▶ **EXERCISE REQUIREMENTS**
Please keep to the lines below from the one with "Việt Nam Biên niên sử 393013" through the one with "Juniperus chinensis ‘Spartan’", and restate them word for word, ends included.

▶ **RAW DATA**

- - -

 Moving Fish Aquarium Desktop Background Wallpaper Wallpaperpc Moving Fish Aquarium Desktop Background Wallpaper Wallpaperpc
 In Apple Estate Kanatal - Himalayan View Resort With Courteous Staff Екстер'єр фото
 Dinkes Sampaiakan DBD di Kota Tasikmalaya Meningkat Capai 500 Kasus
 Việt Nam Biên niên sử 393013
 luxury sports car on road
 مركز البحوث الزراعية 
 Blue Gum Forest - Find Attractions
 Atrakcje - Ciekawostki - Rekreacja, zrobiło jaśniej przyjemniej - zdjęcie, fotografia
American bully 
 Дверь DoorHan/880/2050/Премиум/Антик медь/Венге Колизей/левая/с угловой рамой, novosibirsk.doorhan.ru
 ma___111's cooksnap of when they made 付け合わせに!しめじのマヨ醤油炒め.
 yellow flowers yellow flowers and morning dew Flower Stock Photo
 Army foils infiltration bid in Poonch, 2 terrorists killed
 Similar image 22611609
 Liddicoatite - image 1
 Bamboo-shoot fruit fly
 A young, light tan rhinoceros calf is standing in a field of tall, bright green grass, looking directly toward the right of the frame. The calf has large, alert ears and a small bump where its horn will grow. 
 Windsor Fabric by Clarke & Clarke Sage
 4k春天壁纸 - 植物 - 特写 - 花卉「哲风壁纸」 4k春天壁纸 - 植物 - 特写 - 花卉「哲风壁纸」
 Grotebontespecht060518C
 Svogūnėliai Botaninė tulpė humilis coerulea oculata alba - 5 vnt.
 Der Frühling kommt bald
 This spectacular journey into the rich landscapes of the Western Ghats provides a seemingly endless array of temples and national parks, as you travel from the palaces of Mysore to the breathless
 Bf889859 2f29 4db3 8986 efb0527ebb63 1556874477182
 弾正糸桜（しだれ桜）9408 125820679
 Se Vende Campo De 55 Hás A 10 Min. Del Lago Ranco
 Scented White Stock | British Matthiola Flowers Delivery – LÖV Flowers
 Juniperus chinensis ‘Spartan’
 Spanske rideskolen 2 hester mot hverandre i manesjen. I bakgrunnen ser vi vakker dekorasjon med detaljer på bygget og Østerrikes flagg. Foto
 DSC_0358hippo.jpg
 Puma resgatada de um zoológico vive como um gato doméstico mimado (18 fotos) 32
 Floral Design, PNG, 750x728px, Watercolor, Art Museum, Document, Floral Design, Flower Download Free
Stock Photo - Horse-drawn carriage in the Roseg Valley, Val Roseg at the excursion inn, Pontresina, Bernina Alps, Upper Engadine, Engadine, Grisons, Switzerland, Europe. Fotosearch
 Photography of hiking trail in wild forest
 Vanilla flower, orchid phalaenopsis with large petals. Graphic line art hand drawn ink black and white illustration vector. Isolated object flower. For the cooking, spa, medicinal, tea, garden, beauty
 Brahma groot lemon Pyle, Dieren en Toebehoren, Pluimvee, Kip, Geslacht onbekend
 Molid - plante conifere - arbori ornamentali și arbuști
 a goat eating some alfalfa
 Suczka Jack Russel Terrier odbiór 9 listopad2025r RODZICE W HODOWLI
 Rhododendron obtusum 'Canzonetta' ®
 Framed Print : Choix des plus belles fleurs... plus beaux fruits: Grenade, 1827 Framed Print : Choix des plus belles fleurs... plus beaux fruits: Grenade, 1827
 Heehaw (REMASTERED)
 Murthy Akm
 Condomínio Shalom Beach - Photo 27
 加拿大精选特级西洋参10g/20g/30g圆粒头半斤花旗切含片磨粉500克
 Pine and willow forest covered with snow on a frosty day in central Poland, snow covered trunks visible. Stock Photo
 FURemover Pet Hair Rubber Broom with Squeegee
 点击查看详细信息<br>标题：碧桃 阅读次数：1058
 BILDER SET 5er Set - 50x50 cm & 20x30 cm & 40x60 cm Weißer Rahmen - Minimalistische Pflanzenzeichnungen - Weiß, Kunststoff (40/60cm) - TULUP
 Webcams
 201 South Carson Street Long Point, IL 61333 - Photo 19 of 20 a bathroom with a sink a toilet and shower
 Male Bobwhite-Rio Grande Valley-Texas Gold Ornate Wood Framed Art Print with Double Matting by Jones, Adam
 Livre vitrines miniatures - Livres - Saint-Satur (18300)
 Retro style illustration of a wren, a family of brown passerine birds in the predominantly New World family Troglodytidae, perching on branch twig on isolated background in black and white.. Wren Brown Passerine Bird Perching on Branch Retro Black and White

- - -

▶ **EXPECTED OUTPUT**
 Việt Nam Biên niên sử 393013
 luxury sports car on road
 مركز البحوث الزراعية 
 Blue Gum Forest - Find Attractions
 Atrakcje - Ciekawostki - Rekreacja, zrobiło jaśniej przyjemniej - zdjęcie, fotografia
American bully 
 Дверь DoorHan/880/2050/Премиум/Антик медь/Венге Колизей/левая/с угловой рамой, novosibirsk.doorhan.ru
 ma___111's cooksnap of when they made 付け合わせに!しめじのマヨ醤油炒め.
 yellow flowers yellow flowers and morning dew Flower Stock Photo
 Army foils infiltration bid in Poonch, 2 terrorists killed
 Similar image 22611609
 Liddicoatite - image 1
 Bamboo-shoot fruit fly
 A young, light tan rhinoceros calf is standing in a field of tall, bright green grass, looking directly toward the right of the frame. The calf has large, alert ears and a small bump where its horn will grow. 
 Windsor Fabric by Clarke & Clarke Sage
 4k春天壁纸 - 植物 - 特写 - 花卉「哲风壁纸」 4k春天壁纸 - 植物 - 特写 - 花卉「哲风壁纸」
 Grotebontespecht060518C
 Svogūnėliai Botaninė tulpė humilis coerulea oculata alba - 5 vnt.
 Der Frühling kommt bald
 This spectacular journey into the rich landscapes of the Western Ghats provides a seemingly endless array of temples and national parks, as you travel from the palaces of Mysore to the breathless
 Bf889859 2f29 4db3 8986 efb0527ebb63 1556874477182
 弾正糸桜（しだれ桜）9408 125820679
 Se Vende Campo De 55 Hás A 10 Min. Del Lago Ranco
 Scented White Stock | British Matthiola Flowers Delivery – LÖV Flowers
 Juniperus chinensis ‘Spartan’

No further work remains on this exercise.